The monthly hymn sings at Rock Church have become a popular event for the entire community, drawing as many as 50. They sing hymns and a few old-time country songs, and they have a hoot. These events have shown the openness and love the church has for their neighbors and it is making a difference. Jack will tell you that he “sounds like a sick old bullfrog” when he sings, but says the Lord has recently healed his voice and he is being told by others that he sounds pretty good!
Besides hymn sings, some of their “progressive” but relevant ministry includes squirrel potpie dinners, door to door ministry (mostly trailers and farmhouses), reading the Bible aloud and loving folks where they are at. Jack writes articles for the tiny local paper, and they are the talk of the town. (That is one advantage of ministry in obscure places, you can be an influencer rather quickly). He was even approached by elders from another local church who said they thought he should switch churches and be their pastor!
An immediate goal remains to have children in Sunday School. Most of the members are frail and unable to handle children. Jack received a call from a young mom who wants to bring her kids, but they have no one with the strength or skill to teach them. Having watched Jack and Caroline overcome similar challenges over the past 18 months, I have no doubt that they will find a way to provide transportation and ministry for this young family.

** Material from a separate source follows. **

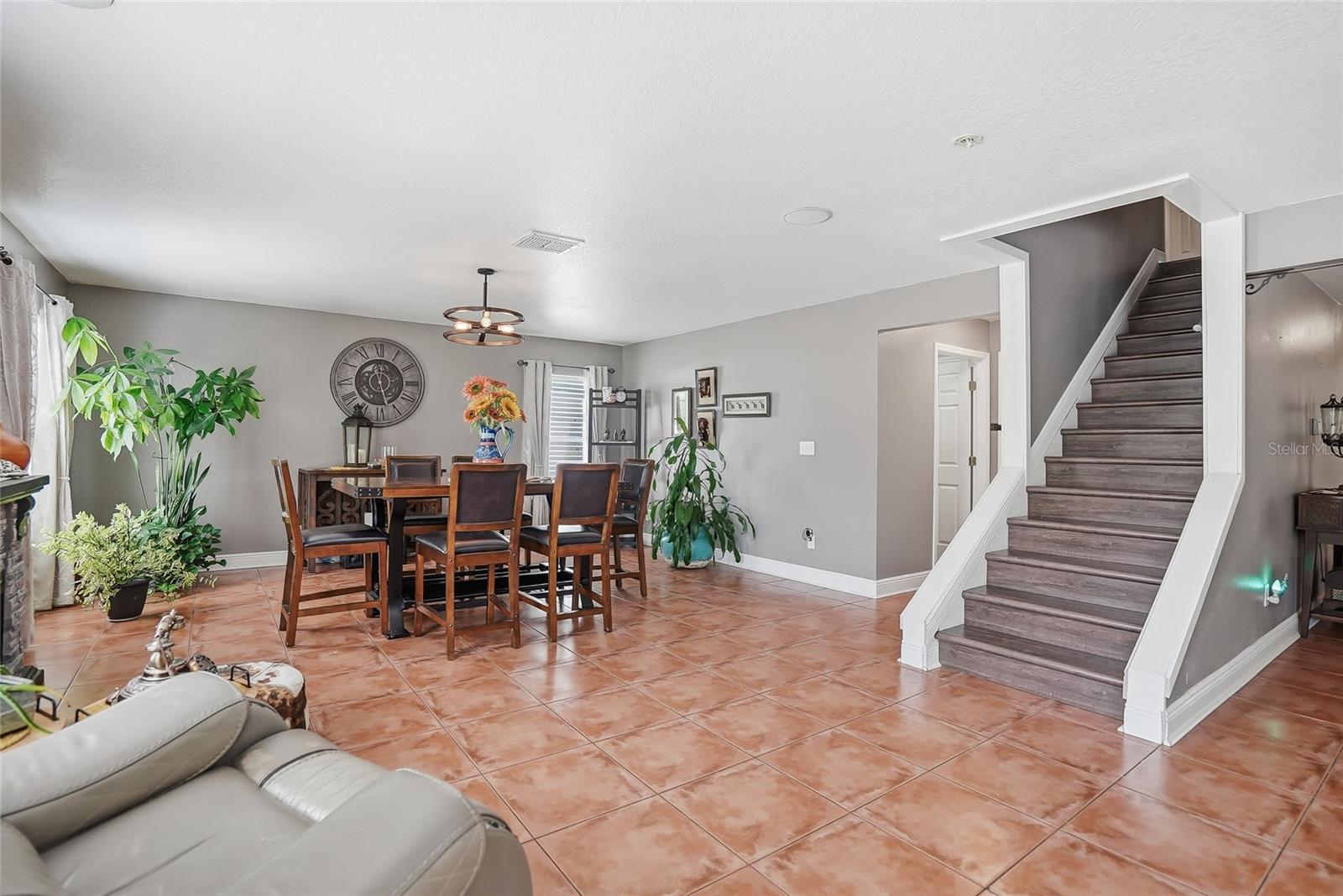 30902 TEMPLE STAND AVE, WESLEY CHAPEL, FL — photo 20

Jack and Caroline have also inspired their flock to think outside of their own congregation. The adult Sunday School class takes offerings for home missions churches in our section and they are sending about $50 per month. Our sectional home missions committee meets every month, and we especially look forward to our time with Jack and Caroline Weaver. God is clearly at work as they have been sensitive to their people, their community and the gentle voice of the Holy Spirit. As Matthew Henry says in his commentary on the Book of Acts: “A little company, united in love, exemplary in their conduct, fervent in prayer and wisely zealous to promote the cause of Christ are likely to increase rapidly.”